[CI] How to run your own TLCPack CI (and: proposing future improvements to https://ci.tlcpack.ai)

areusch · May 28, 2021, 9:51pm

Hi all,

One piece of documentation that’s been sorely missing from TVM is a complete picture of how it is tested. In collaboration with the OctoML Infrastructure team, I’ve been working to fill this gap by creating an Infrastructure-as-Code repository that fully describes the TLCPack CI (e.g. Jenkins running at https://ci.tlcpack.ai, which provides CI services for the TVM project). An Infrastructure-as-Code repo documents the parts of the CI outside the Jenkinsfile which nevertheless affect the outcome of the CI. As examples:

Which AWS nodes are used to run e.g. ci-gpu tasks
How Jenkins is configured
The serving infrastructure used to run https://ci.tlcpack.ai

There are quite a few use cases for such a repository:

It explains to the community how we configure the CI
It serves as a reference for those who would like to run their own internal copy of the CI; particularly for those who would either like to test yet-to-be-contributed code or on hardware not available in the cloud.
It allows us to scale maintenance operations on the TLCPack CI
It brings in operational knowledge from DevOps engineers, who can be more experienced with handling intricacies of cloud hosting.
It provides us a path to standardize the CI runtime environment around a documented configuration.
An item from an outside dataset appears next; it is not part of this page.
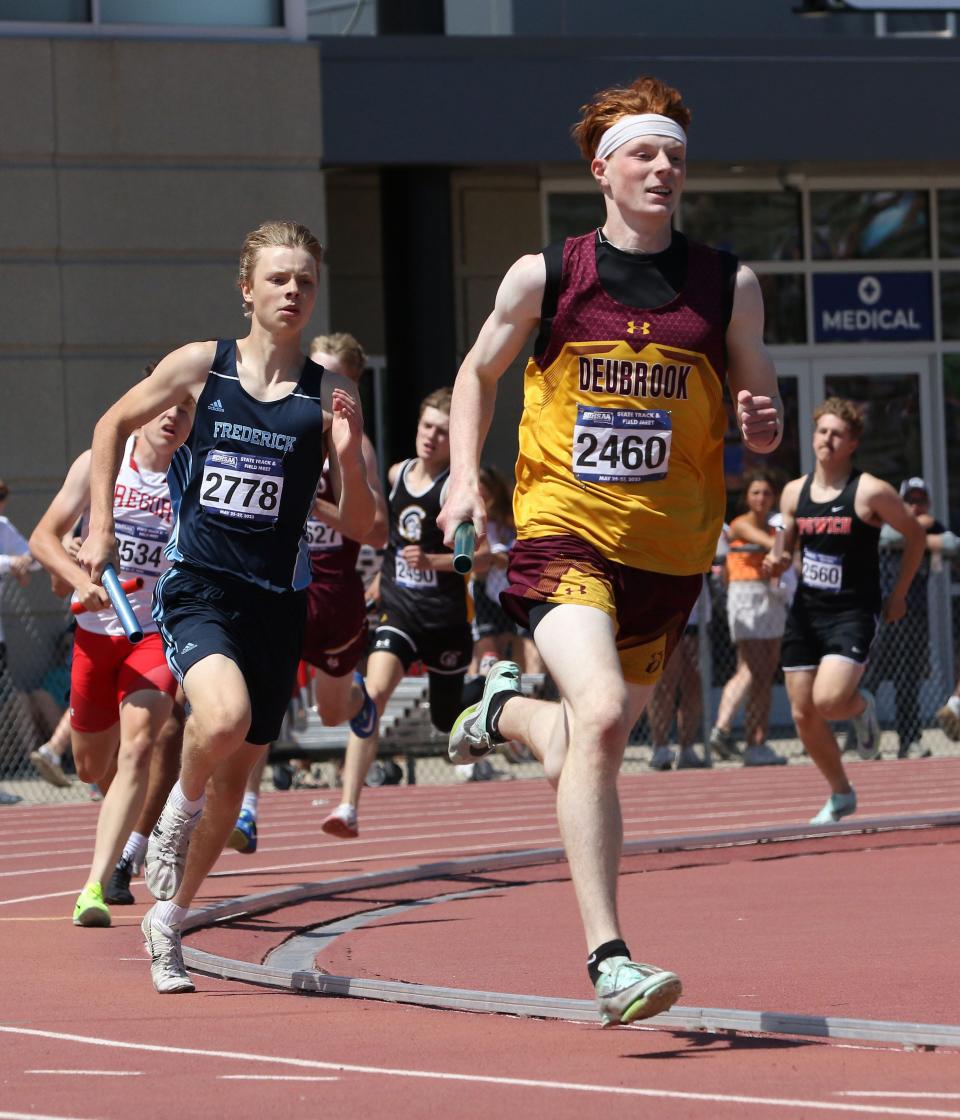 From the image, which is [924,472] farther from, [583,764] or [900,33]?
[583,764]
This project is still ongoing and there are a few different milestones:

Build a repository which can be used to launch a Jenkins instance plus executors which can run a TVM Jenkinsfile end-to-end and achieve a passing result. # <-- we are here
Productionize the repository (e.g. automate common tasks that occur when running the production https://ci.tlcpack.ai server) so that it can be used with long-running Jenkins instances.
Perform a long-running test of the Jenkins server and e.g. compare CI results over a period of time against the currently-running CI to ensure we’ve exactly matched the configuration.
Propose to replace the production https://ci.tlcpack.ai with one managed by the Infrastructure-as-Code repo.

Ultimately, the final milestone here ensures that we have a repository that accurately documents the production CI. A separate RFC and community discussion will follow at the point in time we are ready to consider doing this.
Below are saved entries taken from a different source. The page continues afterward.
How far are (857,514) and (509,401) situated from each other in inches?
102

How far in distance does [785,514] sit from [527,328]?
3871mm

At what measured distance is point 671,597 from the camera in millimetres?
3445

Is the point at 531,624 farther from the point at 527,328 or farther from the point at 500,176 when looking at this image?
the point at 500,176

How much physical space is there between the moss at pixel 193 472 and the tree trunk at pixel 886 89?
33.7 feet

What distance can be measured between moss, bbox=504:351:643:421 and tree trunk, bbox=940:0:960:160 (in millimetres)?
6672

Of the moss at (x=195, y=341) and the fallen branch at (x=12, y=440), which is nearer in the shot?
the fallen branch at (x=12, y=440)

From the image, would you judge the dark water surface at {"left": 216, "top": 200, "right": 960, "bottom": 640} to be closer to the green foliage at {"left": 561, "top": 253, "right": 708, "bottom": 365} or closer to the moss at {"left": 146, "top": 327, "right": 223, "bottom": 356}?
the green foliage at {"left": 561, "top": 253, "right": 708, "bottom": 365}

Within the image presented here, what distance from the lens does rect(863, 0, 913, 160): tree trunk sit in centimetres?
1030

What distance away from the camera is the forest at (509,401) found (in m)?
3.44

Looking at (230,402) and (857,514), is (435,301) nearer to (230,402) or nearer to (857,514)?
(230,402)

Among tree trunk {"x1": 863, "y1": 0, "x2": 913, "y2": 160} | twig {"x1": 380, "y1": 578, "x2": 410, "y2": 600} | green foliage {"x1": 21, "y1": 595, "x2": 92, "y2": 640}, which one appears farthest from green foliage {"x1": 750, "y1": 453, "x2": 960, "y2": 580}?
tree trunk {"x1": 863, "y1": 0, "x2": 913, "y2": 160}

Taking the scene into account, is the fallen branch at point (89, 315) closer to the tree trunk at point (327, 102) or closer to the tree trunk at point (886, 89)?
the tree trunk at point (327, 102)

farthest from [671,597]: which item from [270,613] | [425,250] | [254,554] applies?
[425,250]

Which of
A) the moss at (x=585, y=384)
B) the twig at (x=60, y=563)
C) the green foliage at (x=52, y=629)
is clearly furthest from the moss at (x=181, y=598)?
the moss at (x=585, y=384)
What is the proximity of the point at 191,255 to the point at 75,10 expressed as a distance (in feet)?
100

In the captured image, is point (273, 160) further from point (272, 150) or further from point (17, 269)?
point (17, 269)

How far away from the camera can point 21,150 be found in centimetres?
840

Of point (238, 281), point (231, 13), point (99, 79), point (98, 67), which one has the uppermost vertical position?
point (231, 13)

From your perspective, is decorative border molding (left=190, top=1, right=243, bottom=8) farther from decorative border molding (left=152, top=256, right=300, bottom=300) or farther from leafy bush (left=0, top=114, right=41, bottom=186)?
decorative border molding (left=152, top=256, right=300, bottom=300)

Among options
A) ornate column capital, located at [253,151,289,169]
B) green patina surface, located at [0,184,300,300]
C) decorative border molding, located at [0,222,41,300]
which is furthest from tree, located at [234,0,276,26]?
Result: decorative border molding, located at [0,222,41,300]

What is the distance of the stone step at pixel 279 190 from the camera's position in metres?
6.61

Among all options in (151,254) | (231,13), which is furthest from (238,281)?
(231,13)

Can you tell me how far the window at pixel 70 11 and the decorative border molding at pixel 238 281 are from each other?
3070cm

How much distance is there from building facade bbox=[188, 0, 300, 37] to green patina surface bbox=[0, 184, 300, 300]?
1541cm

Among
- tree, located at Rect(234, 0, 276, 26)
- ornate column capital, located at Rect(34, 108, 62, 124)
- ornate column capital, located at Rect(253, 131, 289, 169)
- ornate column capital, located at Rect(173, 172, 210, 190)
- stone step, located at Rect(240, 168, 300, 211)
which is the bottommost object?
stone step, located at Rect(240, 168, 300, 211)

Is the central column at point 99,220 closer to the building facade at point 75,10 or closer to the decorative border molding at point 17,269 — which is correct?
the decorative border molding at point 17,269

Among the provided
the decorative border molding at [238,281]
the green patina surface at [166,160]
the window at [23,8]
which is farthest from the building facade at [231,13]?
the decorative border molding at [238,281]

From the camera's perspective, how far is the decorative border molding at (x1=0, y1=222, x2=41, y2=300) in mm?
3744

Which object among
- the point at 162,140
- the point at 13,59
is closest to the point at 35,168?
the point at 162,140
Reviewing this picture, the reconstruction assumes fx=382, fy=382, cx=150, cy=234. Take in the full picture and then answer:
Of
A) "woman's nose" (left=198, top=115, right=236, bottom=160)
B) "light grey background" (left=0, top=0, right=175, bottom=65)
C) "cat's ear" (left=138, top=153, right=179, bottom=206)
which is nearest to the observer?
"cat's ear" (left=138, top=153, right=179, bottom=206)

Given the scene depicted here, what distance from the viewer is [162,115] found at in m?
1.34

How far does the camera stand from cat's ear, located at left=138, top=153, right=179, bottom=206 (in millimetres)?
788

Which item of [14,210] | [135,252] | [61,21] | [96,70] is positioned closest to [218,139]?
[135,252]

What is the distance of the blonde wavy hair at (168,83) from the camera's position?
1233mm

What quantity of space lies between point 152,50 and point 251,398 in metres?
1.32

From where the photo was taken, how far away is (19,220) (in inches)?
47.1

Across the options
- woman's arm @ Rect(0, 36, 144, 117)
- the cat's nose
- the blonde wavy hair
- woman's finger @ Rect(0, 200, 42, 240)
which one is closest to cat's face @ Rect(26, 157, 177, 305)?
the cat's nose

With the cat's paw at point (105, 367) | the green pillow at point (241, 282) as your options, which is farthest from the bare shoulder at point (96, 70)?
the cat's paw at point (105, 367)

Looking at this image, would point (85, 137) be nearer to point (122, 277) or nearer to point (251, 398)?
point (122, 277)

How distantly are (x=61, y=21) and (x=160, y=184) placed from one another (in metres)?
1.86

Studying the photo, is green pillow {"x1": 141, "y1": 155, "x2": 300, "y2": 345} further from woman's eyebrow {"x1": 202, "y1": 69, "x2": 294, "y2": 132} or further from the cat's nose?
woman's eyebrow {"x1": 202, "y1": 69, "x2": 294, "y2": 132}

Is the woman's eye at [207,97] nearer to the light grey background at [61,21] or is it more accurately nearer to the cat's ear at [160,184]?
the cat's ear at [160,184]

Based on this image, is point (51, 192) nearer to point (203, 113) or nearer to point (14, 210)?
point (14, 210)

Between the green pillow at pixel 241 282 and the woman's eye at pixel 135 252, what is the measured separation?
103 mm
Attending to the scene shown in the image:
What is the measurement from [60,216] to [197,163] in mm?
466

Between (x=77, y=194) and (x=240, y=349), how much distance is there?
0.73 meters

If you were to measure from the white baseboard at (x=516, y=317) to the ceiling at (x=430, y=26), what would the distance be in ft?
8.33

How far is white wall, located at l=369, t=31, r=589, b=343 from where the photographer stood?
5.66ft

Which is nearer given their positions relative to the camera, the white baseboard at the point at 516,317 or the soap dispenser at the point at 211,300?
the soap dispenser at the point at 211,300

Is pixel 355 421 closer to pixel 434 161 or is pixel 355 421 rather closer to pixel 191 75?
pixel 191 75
However, for now I want to share the repository we’ve developed to meet milestone 1. This repository allows you to launch a copy of the TLCPack CI in your own AWS account.
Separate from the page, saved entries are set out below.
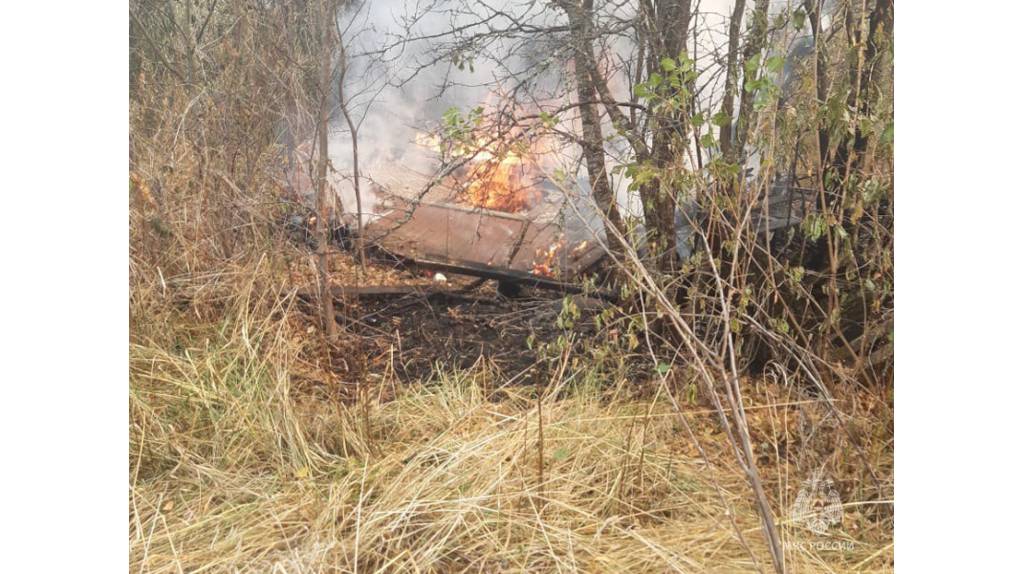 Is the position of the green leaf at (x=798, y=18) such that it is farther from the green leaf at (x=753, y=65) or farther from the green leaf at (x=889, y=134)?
the green leaf at (x=889, y=134)

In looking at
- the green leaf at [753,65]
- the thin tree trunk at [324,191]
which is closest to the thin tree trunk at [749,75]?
the green leaf at [753,65]

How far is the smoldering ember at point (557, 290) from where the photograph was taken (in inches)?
104

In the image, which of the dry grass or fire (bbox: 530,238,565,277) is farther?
fire (bbox: 530,238,565,277)

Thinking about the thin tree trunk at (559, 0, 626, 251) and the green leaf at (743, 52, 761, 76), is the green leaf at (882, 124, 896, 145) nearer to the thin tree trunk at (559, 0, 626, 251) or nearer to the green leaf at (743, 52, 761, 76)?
the green leaf at (743, 52, 761, 76)

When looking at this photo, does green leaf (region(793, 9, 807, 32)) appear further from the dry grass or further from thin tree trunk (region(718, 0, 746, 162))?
the dry grass

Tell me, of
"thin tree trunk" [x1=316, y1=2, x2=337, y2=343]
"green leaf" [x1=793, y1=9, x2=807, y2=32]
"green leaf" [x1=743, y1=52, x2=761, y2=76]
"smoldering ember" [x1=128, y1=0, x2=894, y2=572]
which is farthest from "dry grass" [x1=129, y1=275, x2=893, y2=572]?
"green leaf" [x1=793, y1=9, x2=807, y2=32]

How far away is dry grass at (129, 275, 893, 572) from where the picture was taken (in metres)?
2.57

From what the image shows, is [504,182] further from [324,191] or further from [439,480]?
[439,480]

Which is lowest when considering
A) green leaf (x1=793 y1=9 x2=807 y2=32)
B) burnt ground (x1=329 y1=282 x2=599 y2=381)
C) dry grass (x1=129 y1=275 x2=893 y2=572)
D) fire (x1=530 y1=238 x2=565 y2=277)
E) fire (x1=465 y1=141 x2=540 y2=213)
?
dry grass (x1=129 y1=275 x2=893 y2=572)

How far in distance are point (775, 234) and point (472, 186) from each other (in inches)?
35.0

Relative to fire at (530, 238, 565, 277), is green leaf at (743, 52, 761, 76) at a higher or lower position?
higher

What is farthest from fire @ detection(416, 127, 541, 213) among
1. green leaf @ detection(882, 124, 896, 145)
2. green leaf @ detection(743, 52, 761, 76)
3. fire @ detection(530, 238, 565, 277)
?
green leaf @ detection(882, 124, 896, 145) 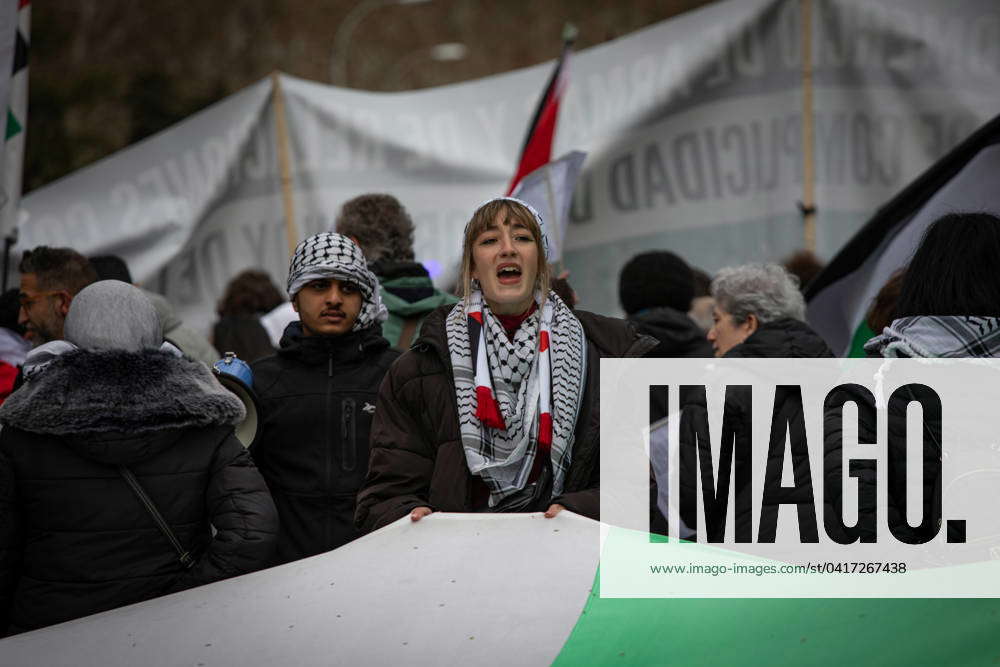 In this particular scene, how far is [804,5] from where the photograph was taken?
23.3 feet

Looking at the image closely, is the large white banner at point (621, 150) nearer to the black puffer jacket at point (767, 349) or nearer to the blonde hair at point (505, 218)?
the black puffer jacket at point (767, 349)

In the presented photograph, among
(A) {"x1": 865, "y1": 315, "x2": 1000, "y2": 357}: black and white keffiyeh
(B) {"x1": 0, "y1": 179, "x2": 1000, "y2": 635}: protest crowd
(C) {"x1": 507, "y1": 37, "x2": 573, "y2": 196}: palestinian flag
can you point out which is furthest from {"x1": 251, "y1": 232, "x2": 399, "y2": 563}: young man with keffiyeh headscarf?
(C) {"x1": 507, "y1": 37, "x2": 573, "y2": 196}: palestinian flag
I’d love to get any feedback you may have on this repo. I’d also be interested in feedback on the idea of collaborating on a repository like this one as we continue developing the CI in the long term

As a known problem I’m addressing, there’s a known private container (the ARM one) which should be publicly buildable, but is currently privately owned. I’ll attempt to address this next week–in the mean time, you’ll need to set # of arm nodes to 0.

Andrew